Veuillez agréer, Monsieur le Président, l'expression de mes sentiments distingués, Nom

Des réponses étonnantes - ou pas de réponse du tout. Les réponses étaient globalement étonnantes. Certaines entreprises comme Airbnb, Netflix et WhatsApp n'ont pas du tout répondu à nos demandes d'informations, tandis que d'autres nous ont simplement renvoyés à leur politique de confidentialité, qui manquait d'explications plus détaillées

D'autres ont fourni des informations qui ne permettent pas vraiment d'avoir plus de certitude : Par exemple, Slack (un logiciel très populaire pour la communication interne dans les entreprises) a déclaré qu'il ne fournissait pas "volontairement" aux gouvernements l'accès aux données, ce qui ne répond pas à la question de savoir s'ils sont obligés de le faire en vertu de lois de surveillance telles que FISA702.

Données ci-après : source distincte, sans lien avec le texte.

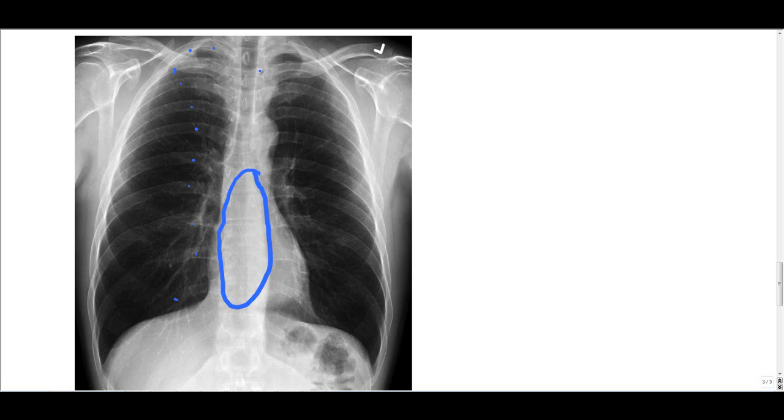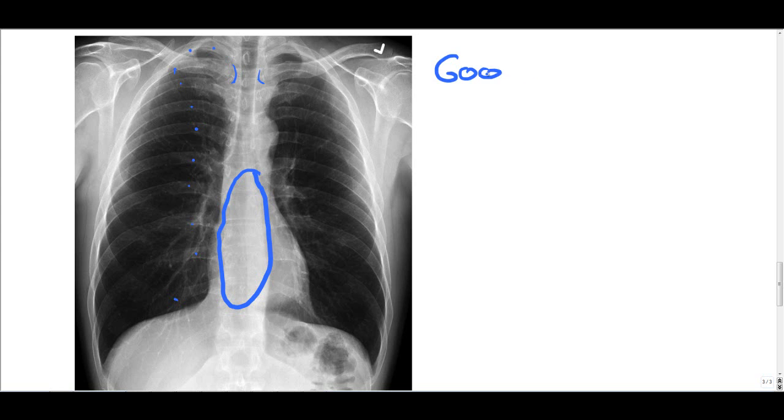Is the patient rotated? Well, you identify the clavicle heads and you identify the thoracic or the spine. And you note that the patient doesn't appear minimally rotated, but very little rotation, if any. So very good. So I would say this is a pretty good x-ray. And this is what you should be looking for in all your x-rays before you actually determine if there are any diseases present.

D'autres entreprises ont mieux réussi à répondre à ces questions, comme Microsoft, qui a fourni une réponse à chaque question posée, ou Virgin Media, qui nous a envoyé une copie de ses clauses contractuelles types. Dans le même temps, Microsoft continue de prétendre qu'elle peut transférer des données personnelles aux États-Unis (lien vers le blog de Microsoft), bien qu'elle soit l'une des sociétés explicitement nommées dans les documents divulgués par Edward Snowden et qu'elle numérote publiquement les demandes FISA702 du gouvernement américain ; elle reçu et a répondu.

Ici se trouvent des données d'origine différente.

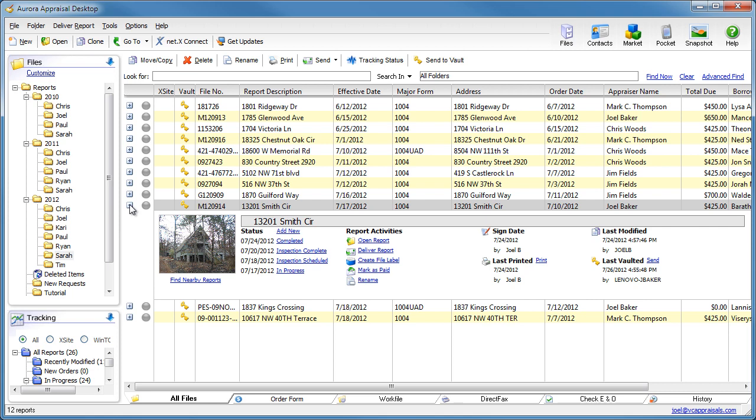Several of my recent tips have been over the Appraisal Desktop, and if you've missed any of them, click View Recent Posts at the top to see them.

Dans l'ensemble, nous avons été étonnés par le nombre d'entreprises qui n'ont pu fournir qu'une réponse toute faite. Il semble que la plupart des entreprises n'ont toujours pas de plan pour aller de l'avant.

Souhaitez-vous soumettre une demande similaire aux entreprises et services avec lesquels vous interagissez ? N'hésitez pas à utiliser un de nos modèles sur cette page ici!